Chief University Librarians know only too well about success and failure! We obviously take life in our hands when we come to this topic. Allan Horton, then Librarian of the University of New South Wales, believed "Cataloguing is Too Important to be Left to the Cataloguer" (Cataloguing Australia July-September 1980), while John Shipp (1993), Librarian of Wollongong University, headed his talk at the ALIA NSW cataloguers section 'Phoenix or Moa: The Cataloguer Tomorrow'. He began by saying "being a university librarian doesn't mean you have to be omniscient". I'd say now, three years on, you don't have to be omniscient but you have to be nearly omniscient to combat warring factions on campus and often within staff groups whose allegiance is more to the sectional tribe than the overall goals!

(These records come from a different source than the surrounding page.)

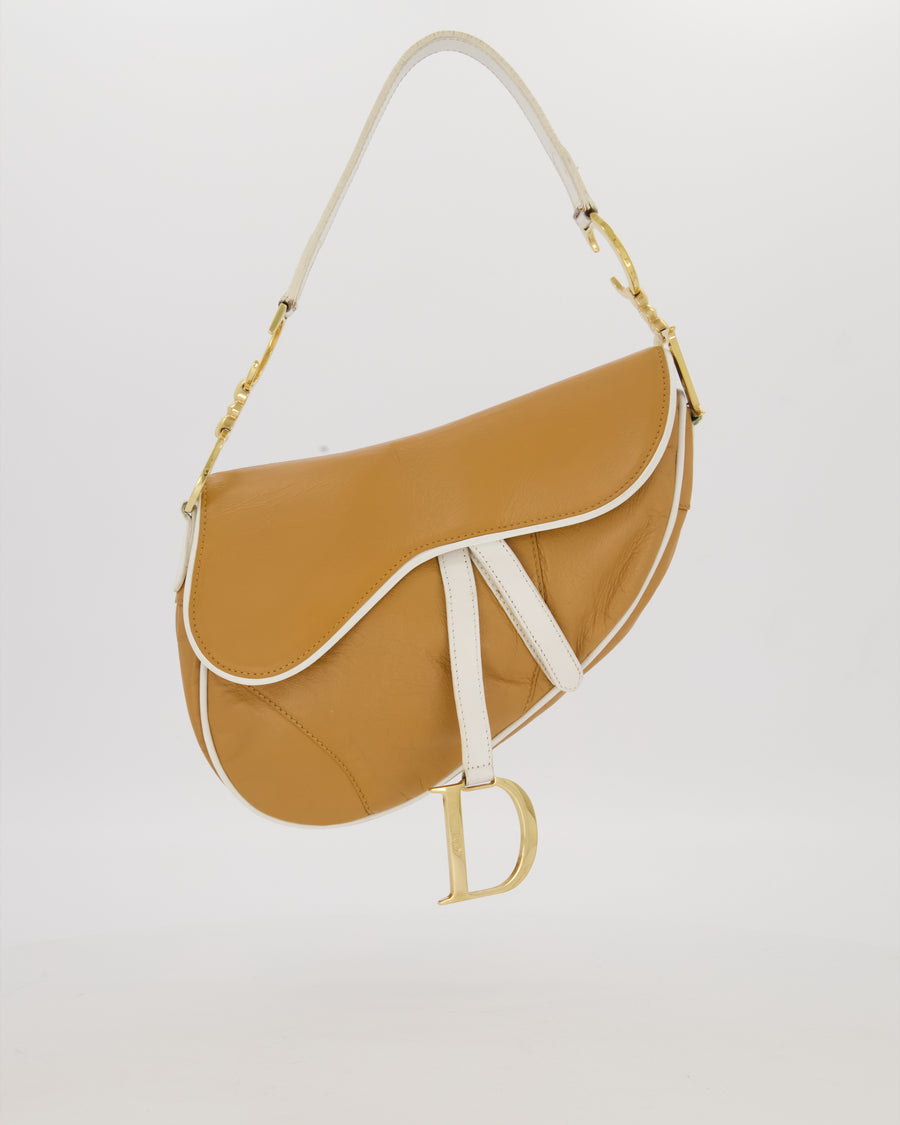 Christian Dior Vintage John Galliano Medium Saddle Bag in Brown in Lambskin Leather with Gold Hardware and White Trim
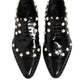Dolce & Gabbana Black Leather Faux Pearl Dress Broque Shoes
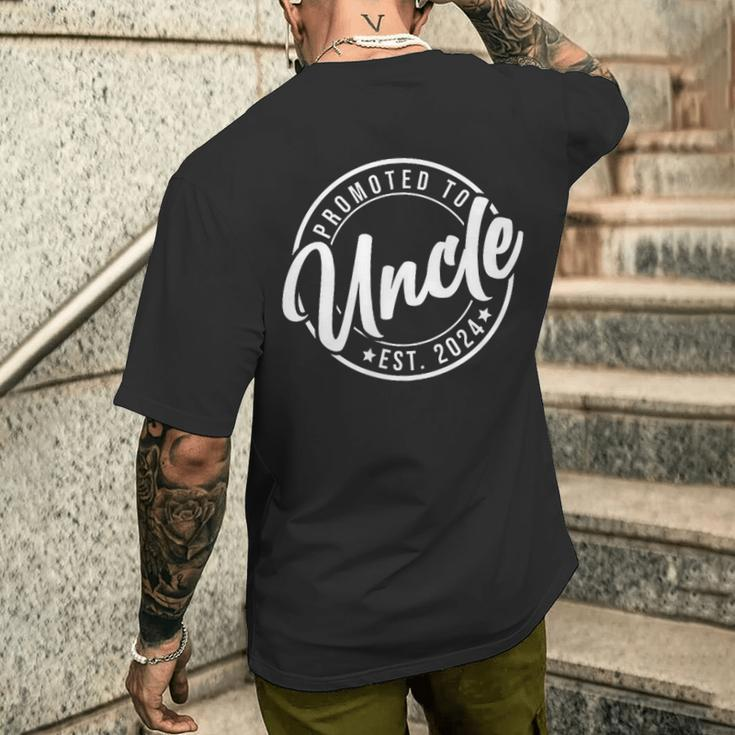 Promoted To Uncle Et 2024 Pocket Pregnancy Father's Day Men's T-shirt Back Print Gifts for Him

The late Dr Brian Enright (1987), the Librarian of Newcastle University, in one of the funniest and yet most depressing articles on library practice, 'Academic library ideals and reality', compared a Head Librarian to a Prison Governor' and found it amazing that a library functioned at all! Enright stated it's harder getting a new idea accepted in a library than getting an old one dropped. With staff entrenched in ways of doing things rooted in the past, the introduction of new work concepts is difficult. ANU technical processing staff understandably don't have much time to reflect on new modes of information as the academics and collection managers cascade material at them in print form without on-cost analyses. In libraries, Enright says, the attention given to protecting vested interests would have delighted the Hapsburg Monarchy! Such attitudes he said are rarely written about - almost like having an alcoholic in the family!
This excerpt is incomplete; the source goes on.